Aim of the exercise ▸ Could you set down the lines from the first line of the entries below through the line with "Can the HOA Foreclose On My Home?", exactly and with no pictures?
----- Record excerpts -----
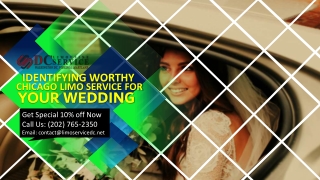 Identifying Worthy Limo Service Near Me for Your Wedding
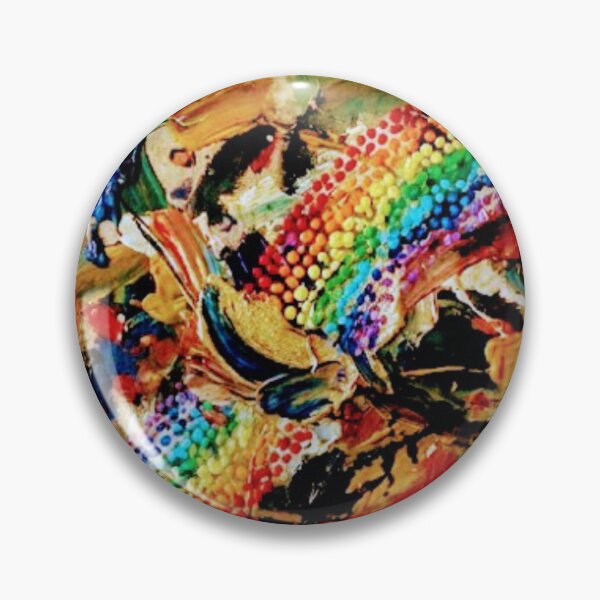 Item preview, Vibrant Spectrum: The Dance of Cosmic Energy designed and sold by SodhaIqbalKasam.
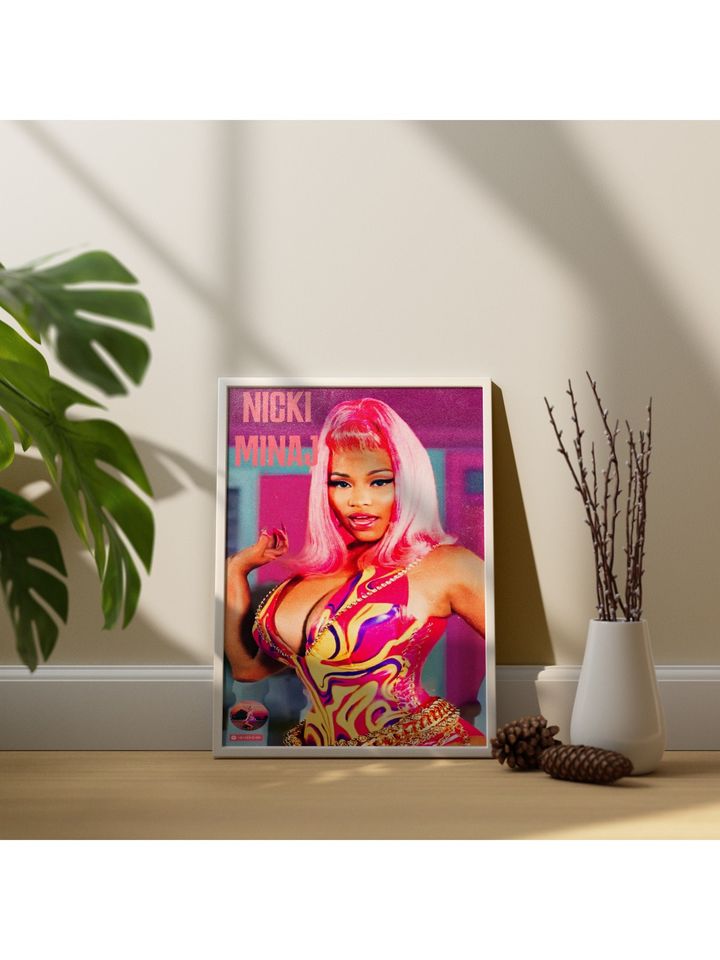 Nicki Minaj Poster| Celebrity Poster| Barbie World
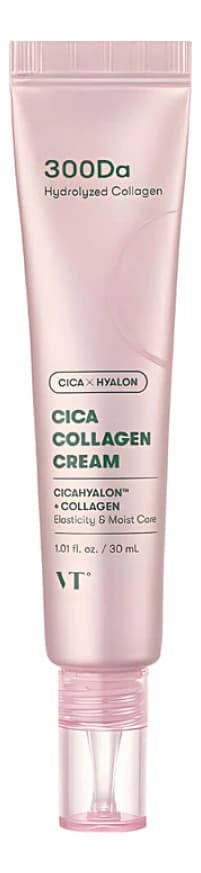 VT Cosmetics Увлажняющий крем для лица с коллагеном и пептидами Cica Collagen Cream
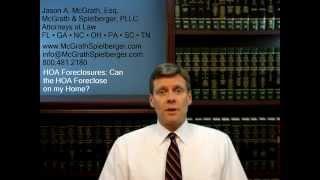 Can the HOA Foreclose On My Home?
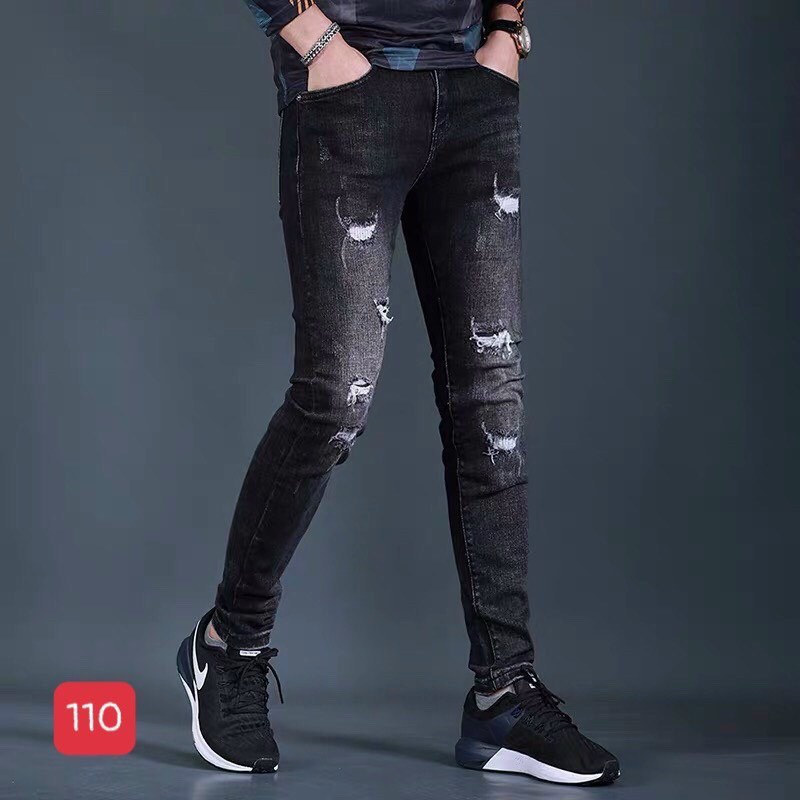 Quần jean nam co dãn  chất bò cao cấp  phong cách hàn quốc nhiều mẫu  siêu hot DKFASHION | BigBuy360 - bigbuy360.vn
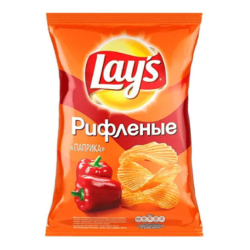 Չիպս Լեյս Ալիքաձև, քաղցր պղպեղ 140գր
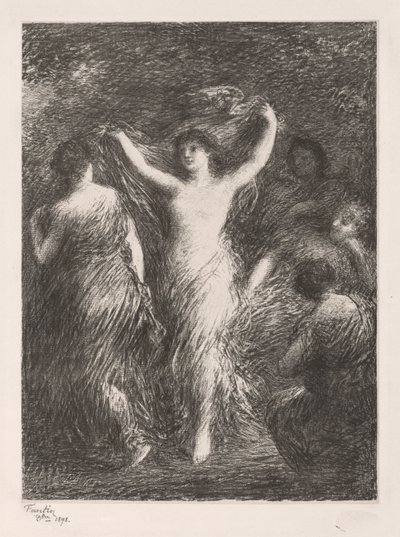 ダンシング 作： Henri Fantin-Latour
-----
Output for this exercise ▸
 Identifying Worthy Limo Service Near Me for Your Wedding
 Item preview, Vibrant Spectrum: The Dance of Cosmic Energy designed and sold by SodhaIqbalKasam.
 Nicki Minaj Poster| Celebrity Poster| Barbie World
 VT Cosmetics Увлажняющий крем для лица с коллагеном и пептидами Cica Collagen Cream
 Can the HOA Foreclose On My Home?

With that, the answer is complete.